In fact, we actually spent most the day watching movies in that room as well, unless we were required to be somewhere. We didn't attend the Expo floor or explore the city (not that there was much to explore, no offense to residents). We were terrified by the competition to come, and we distracted ourselves by holing up and watching TV.
Redundancy
I don't think I ever worked harder than the four months leading up to this competition. Not even for college application season, and certainly not for Regeneron STS, which was arguably way more important. As much as I tried to calm myself (iirc, I actually sat and meditated at some point), it really was make or break, deep down. After all, it was the end of junior year.
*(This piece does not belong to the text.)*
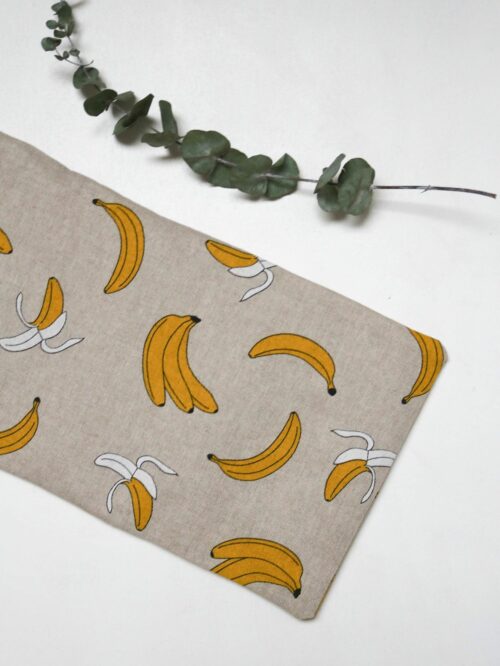 Bouillotte en graines de lin Bananes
I actually took three copies of my research poster to ISEF. Two solid tri-folds in a box, and one rolled-up sheet in case of emergency. Initially I was even planning on shipping one to Ohio via FedEx, but I held myself back from that, at least. But I think that adequately captures my mental state at the time.
Confidence
I used to be somewhat of an arrogant prick back in middle school. But when I got to high school, quit debate, and started trotting down the STEM road, I like to think I dropped those habits quite quickly. I was humbled by what little I was; I stopped making grand statements and my arguments lost the kind of unwaivering certainty they once had. I still think I speak confidently, but everything in moderation.
Our last day at ISEF, the day of the awards ceremony, we packed, left our bags with the hotel, and headed to see our fates decided--or more accurately, revealed. Our hotel was not extremely far from the convention hall, but it was by no means close, and our walk was literally up hill.
We sat down wherever we could, in a spot that would be easy to leave from. Getting stuck in a crowd with 1700 finalists is not fun--the daily exodus from the exhibit hall (see below) was proof enough of that.

There's much I could say about how judging went for me. Heaven knows the three of us spent every subsequent second of our stay discussing that day. But it'd be pointless. I say, with some experience in judging deliberations for my school's student-run middle school science fair, that it really is human-driven, for all that entails. We can only try our best and hope for the best.
Then, I don't know what gave me the confidence I had at the ceremony. Maybe the months of stress had fried my wires. Maybe it was the hit of adrenaline. I've certainly never been able to replicate it since. But when I wasn't called for 4th, 3rd, or 2nd in my category, I texted my mom: "기대해" (a surprisingly hard phrase to translate into English: expect it, anticipate it, look forward to it).